The evidence was gathered by Bradford County sheriff’s deputies, and the Supreme Court ruled that the state’s illegal drug law does not permit sheriff’s deputies to investigate crimes that occur outside their presence, which is the type of investigation that had occurred in the Dobbins case.
Following the Supreme Court ruling, Pennsylvania’s Superior Court suppressed all evidence gathered against Dobbins by the Bradford County Sheriff’s Department, vacated Dobbins’ four-to-23 year sentence, and sent the case back to trial court in Bradford County.
On Monday, the case was re-tried in the Bradford County Court of Common Pleas, and at the end of the trial, the jury found Dobbins guilty of all the charges that had originally been lodged against him, said Bradford County District Attorney Daniel Barrett.
“Dobbins won in the Supreme Court, but all he won was a new trial,” said Barrett, when asked to comment on the case.

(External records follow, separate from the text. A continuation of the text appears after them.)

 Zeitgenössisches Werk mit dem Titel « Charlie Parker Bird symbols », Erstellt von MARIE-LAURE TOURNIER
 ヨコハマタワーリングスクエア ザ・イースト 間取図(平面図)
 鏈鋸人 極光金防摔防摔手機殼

Dobbins’ arrest occurred when Bradford County deputies went to a private residence near Troy in July 2003, seeking to question a woman in a drug investigation. At the time they detected a chemical smell coming from a barn. They approached Cory J. Dobbins, who escaped on foot, and then came across items used to manufacture methamphetamine before obtaining a search warrant.

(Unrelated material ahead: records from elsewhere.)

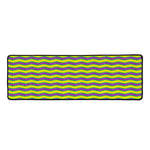 Mardi Gras Fat Tuesday Zigzag Print Long Kitchen Mat
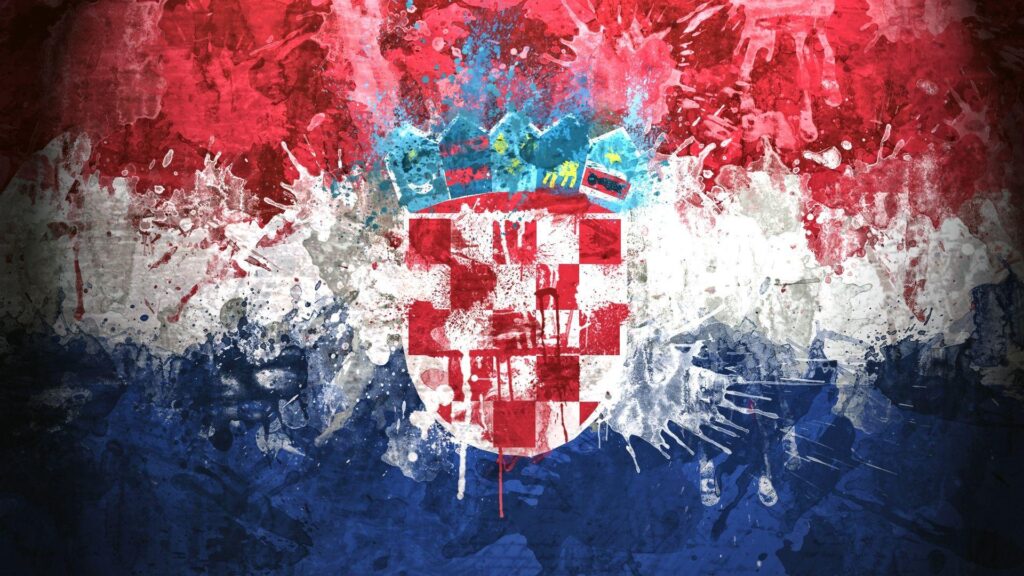Download wallpapers croatia, flag, republic, backgrounds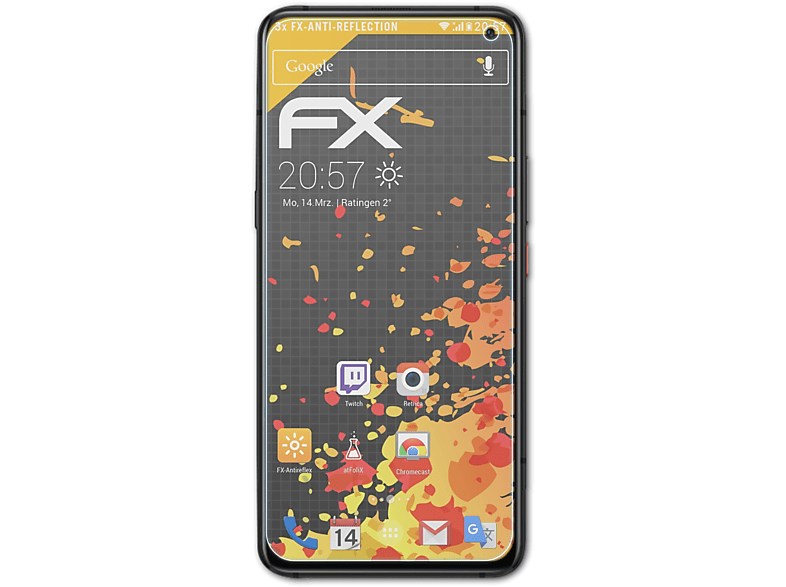 ATFOLIX 3x FX-Antireflex Displayschutz(für Vivo iQOO 3 5G)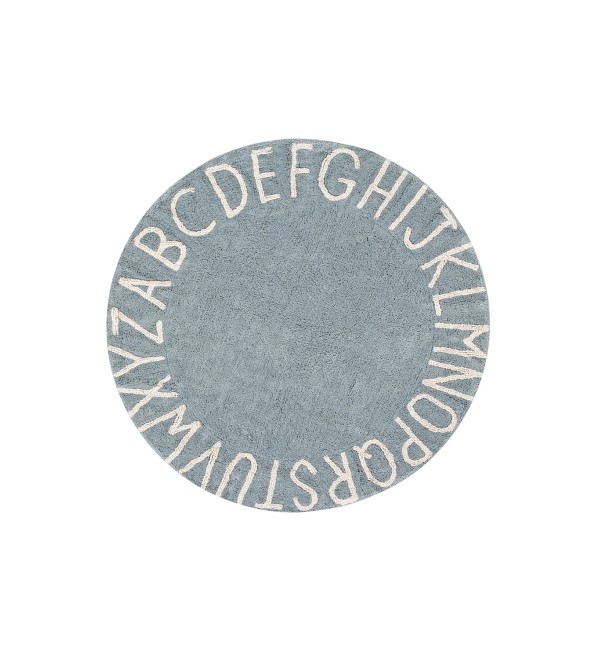 Ковер круглый Алфавит Round ABC (голубой) 150D
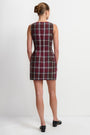 Tonya Dress in Plaid View 3
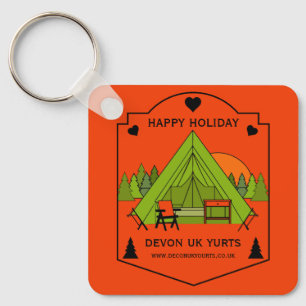 Bell Tent Glamping Business Keychain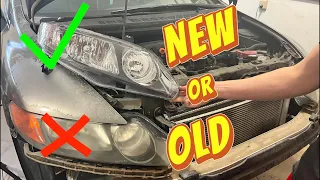 How to replace Honda Civic headlight assemblies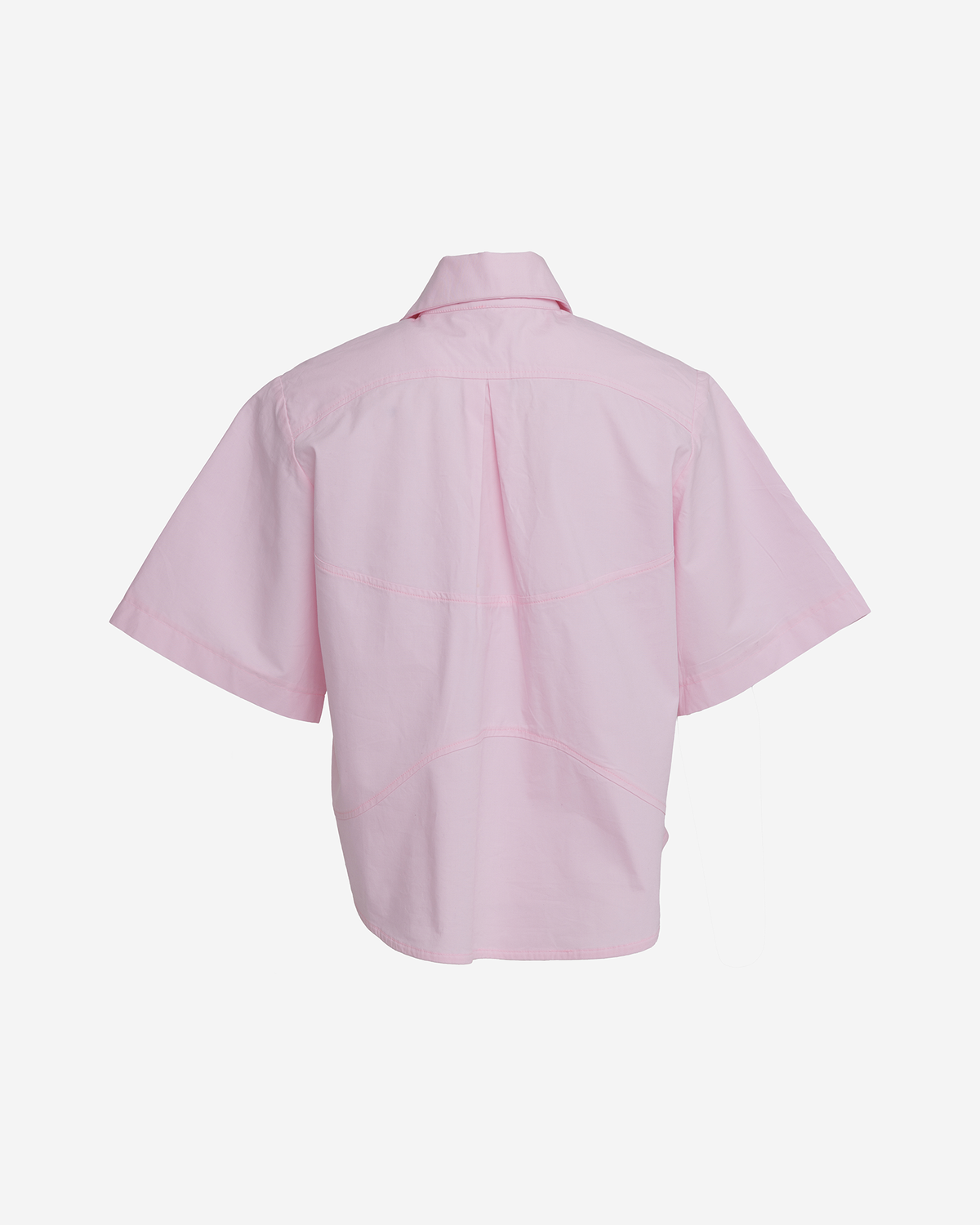Bow Collar fit Shirt "AN" pink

Dobbins was arrested less then two weeks later in Elmira, N.Y., and was subsequently convicted of methamphetamine-related offenses.
Barrett said it was a challenge to re-try Dobbins because so much of the evidence and testimony used at Dobbins’ original trial could no longer be used, including the physical evidence gathered at the scene by the sheriff’s department, Barrett said.
In this week’s trial, the district attorney’s office relied heavily on the testimony of others involved with Dobbins in manufacturing meth, Barrett said.
With the passage of time, more of them were willing to testify, he said.
Also testifying at this week’s trial was state police fire marshal Robert McKee, who reported during the proceedings that when he was investigating a fire on the same property in June 2003, he found items that suggested that methamphetamine manufacturing was going on on the property, Barrett said.
Barrett said he appointed Bradford County Sheriff’s Deputies David Hart and Jamie Lammy as special deputy county detectives so that they could help coordinate the preparations for this week’s trial,
“They wore the badge of the district attorney’s Office and the county detective’s office in addition to their own,” Barrett said.
The jury found Dobbins guilty this week of manufacturing methamphetamine, possession of methamphetamine, criminal conspiracy, and criminal attempt, Barrett said.
Dobbins’s bail was revoked on Monday, and he is scheduled to be sentenced by Bradford County Court Judge Jeffrey Smith on May 15.